As for the early-to-mid-stage portfolio companies, the awareness-building TV ad inventory represents an opportunity to move past conventional startup "performance" media to generate broader awareness and differentiate themselves from competitors.

But that's not where MMC's media-for-equity funding model ends.

It also has expanded into advertising services, including research, strategy, media planning and buying/allocation via a second pool of investors: ad agencies.

While MMC has its own in-house planning and buying arm, dubbed "Brand Strategy," to help the startups determine and negotiate the vest pool of ad inventory from the media company investors -- yes, that inventory is negotiated along with the rest of the media companies' open market inventory -- MMC has also brought media agency service companies in as equity investors.

But instead of allocating media inventory credits as "capital," the agencies invest their planning, buying, strategy and research services in exchange for shares in the fund's pool and are paid off like media company investors when the fund exits.

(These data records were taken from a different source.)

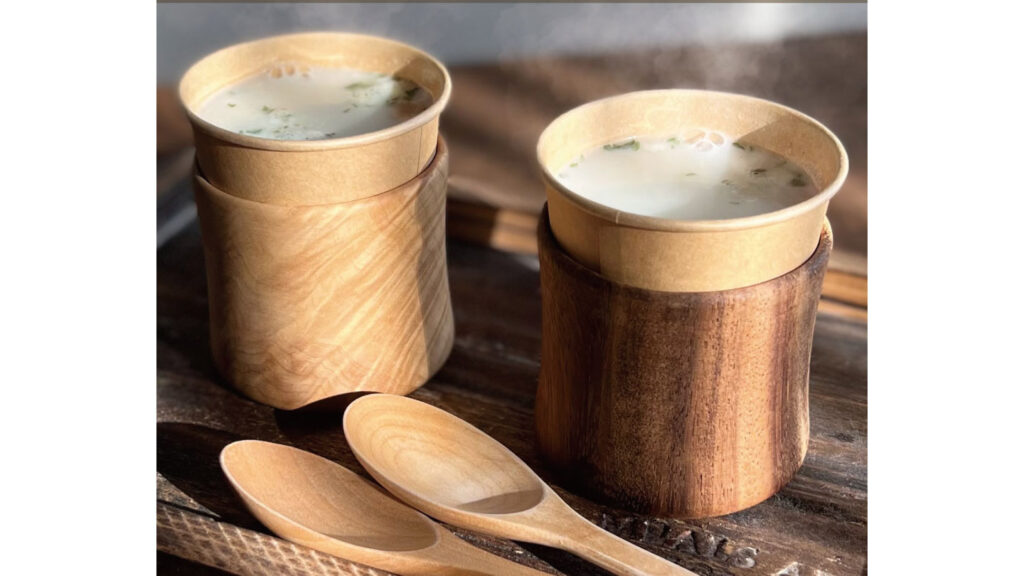 紙コップがおしゃれに変身！本製の天然木を使用した紙コップホルダー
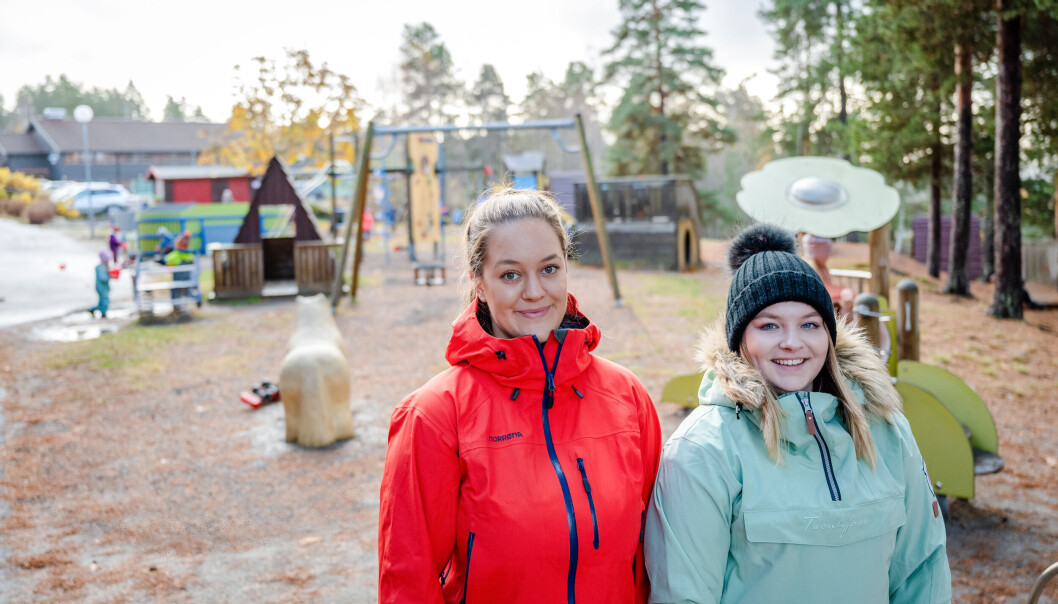 Snart er Martine Hahn og Ragnhild Olsen klare for å søke jobber, og de gleder seg til barnehagelærerlivet. – Jeg har ønsket å bli barnehagelærer helt siden jeg gikk på ungdomsskolen, sier Olsen. Snart er Martine Hahn og Ragnhild Olsen klare for å søke jobber, og de gleder seg til barnehagelærerlivet. – Jeg har ønsket å bli barnehagelærer helt siden jeg gikk på ungdomsskolen, sier Olsen.
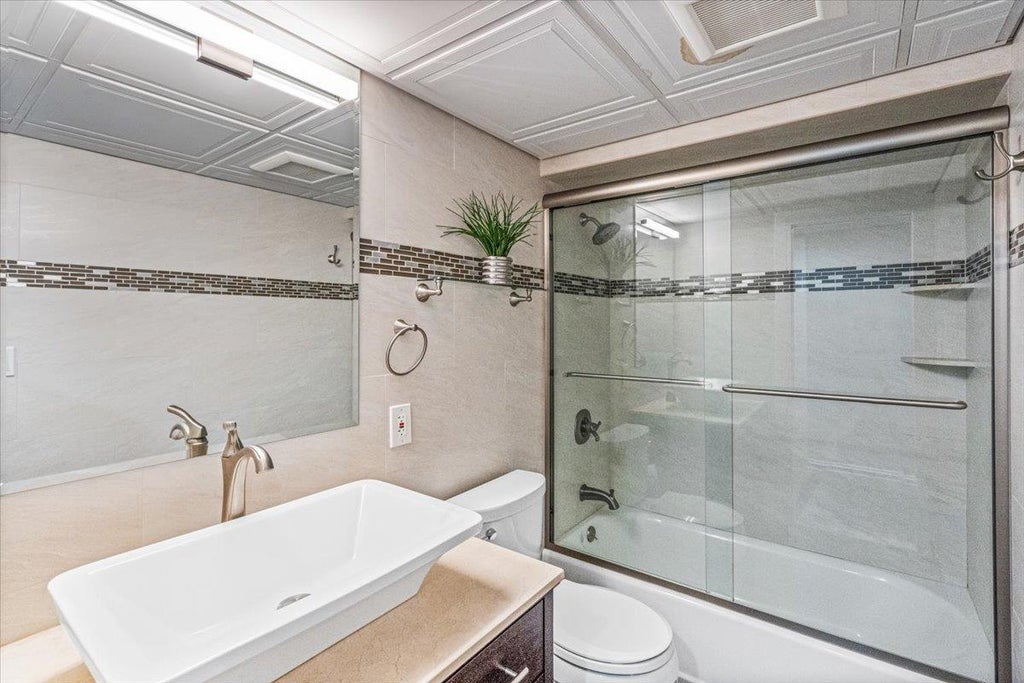 19 of 37 - 875 Catalpa Drive, Franklin Square, NY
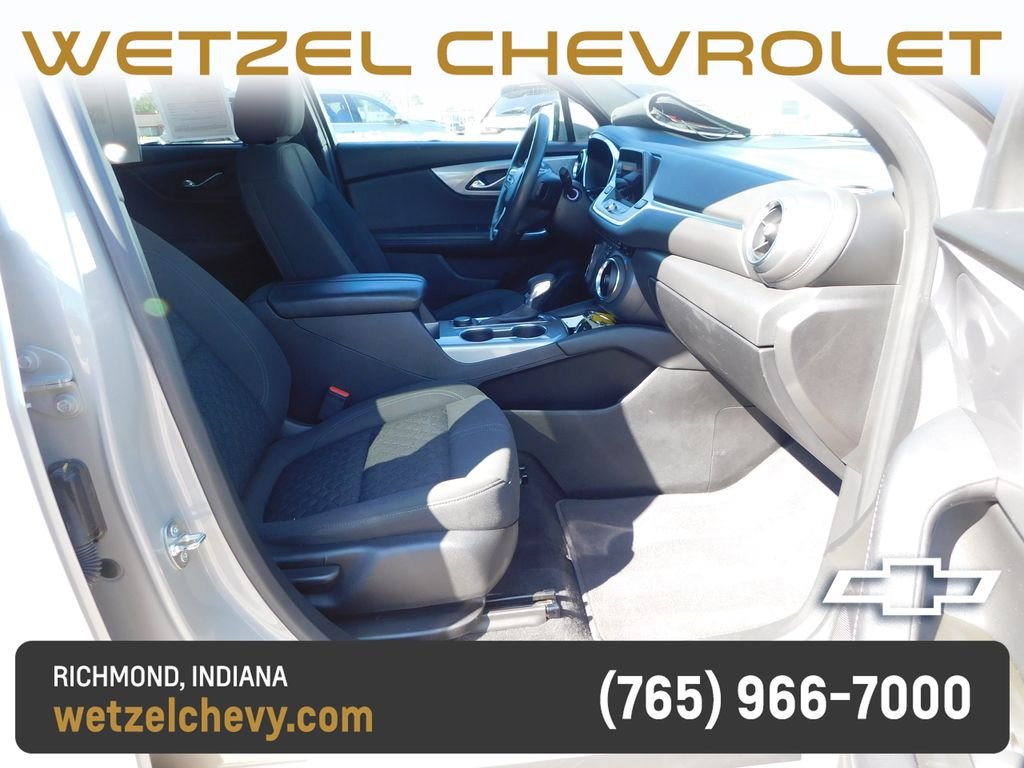 Used 2021 Gray Chevrolet LT image 17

To date, MMC has struck advertising services investments from agencies including Aletheia and WITHIN, but already is exploring diversifying further into -- and up and down -- the advertising and marketing services supply chain, including influencers in the "creator economy," as well as their agencies.

“We are essentially doing this now under a model called 'influencer capital,'" Puri shares, noting that the model already is a growing concern among influencers -- big and small -- who are treating their reach like capital. He cites a recent equity portfolio investment fund created by tennis star and mega influencer Roger Federer.

“We are building a pool of influencers and agencies that represent these influencers who will give us their reach and we’ll monetize it by turning it into equity," Puri explains, adding that as big as MMC's vision and roadmap are, its goal is to walk before it runs, and right now it is gaining traction with high-profile legacy media companies, which is right on its target.

"We see a bigger opportunity for 'attention capital,' because increasingly [ad] impressions are not sufficient," he says, adding: "Our mandate is taking 1% of the $400 billion U.S. media market and turn it into an investable asset fund. That is a $4 billion opportunity for us."